Posted by Dan (126.96.36.199) on July 03, 2012 at 16:50:43:
In Reply to: Is oxynitride a problem? posted by Les Szepesi on July 03, 2012 at 12:38:03:
: I know you don't like having nitride passivation on the SRA samples, but is oxynitride a problem? I'm designing some test structures for SRA, but I'm afraid there won't be adequate selectivity between the oxynitride and underlying oxides and we'd either break through to the silicon and possibly erode the silicon or we'd make the physical definition of the SRA boxes degraded as they will be defined by variations in oxide thickness.
First of all, thank you for designing SRA structures. We appreciate it when our clients incorporate structures we can use into their masks.
I believe the problem would depend on the thickness and hardness of the oxynitride. Our main issue with passivation nitride is that it is usually thick - several microns thick in some cases. And since it is not easily susceptible to HF stripping we have no way of removing it. This means we have to bull our way through it while it is still on the sample. The hardness and the thickness of the material creates problems getting good clean cross section bevels. Especially when our depth of interest is a fraction of the nitride thickness.

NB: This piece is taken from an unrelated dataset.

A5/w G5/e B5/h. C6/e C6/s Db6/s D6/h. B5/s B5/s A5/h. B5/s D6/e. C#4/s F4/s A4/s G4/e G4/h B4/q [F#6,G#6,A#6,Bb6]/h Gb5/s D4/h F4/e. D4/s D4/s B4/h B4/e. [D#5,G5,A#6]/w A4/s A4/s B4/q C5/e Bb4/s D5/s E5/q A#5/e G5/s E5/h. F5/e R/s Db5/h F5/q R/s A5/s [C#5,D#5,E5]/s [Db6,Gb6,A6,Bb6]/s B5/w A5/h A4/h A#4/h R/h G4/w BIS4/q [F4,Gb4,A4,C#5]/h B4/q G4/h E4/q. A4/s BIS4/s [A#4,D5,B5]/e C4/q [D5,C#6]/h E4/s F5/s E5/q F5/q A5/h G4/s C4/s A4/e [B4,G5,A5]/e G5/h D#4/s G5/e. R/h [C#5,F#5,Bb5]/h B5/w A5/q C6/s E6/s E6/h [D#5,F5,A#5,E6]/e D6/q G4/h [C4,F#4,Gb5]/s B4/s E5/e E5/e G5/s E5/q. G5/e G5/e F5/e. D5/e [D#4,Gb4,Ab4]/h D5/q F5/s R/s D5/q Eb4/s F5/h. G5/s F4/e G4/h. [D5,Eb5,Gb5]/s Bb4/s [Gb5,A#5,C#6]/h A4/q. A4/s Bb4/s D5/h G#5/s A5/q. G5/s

I don't know how hard oxynitride is. We use tungsten carbide probes to make our measurements. If the oxynitride is harder than the probes it could blunt them and knock them out of calibration. I know some forms of oxynitride can form a ceramic layer. I imagine those forms would be too hard for us to leave on the samples for fear of damaging the probes.
If the oxynitride isn't too hard, you may be able to keep the oxynitride to a few tens of nanometers thick and we could bevel through it without stripping it. If it is an HF strippable material we could strip it when necessary. Unfortunately we do not have a plasma etcher.
I'm sorry I don't know more about oxynitride. If I learn anything useful I will append more to this thread.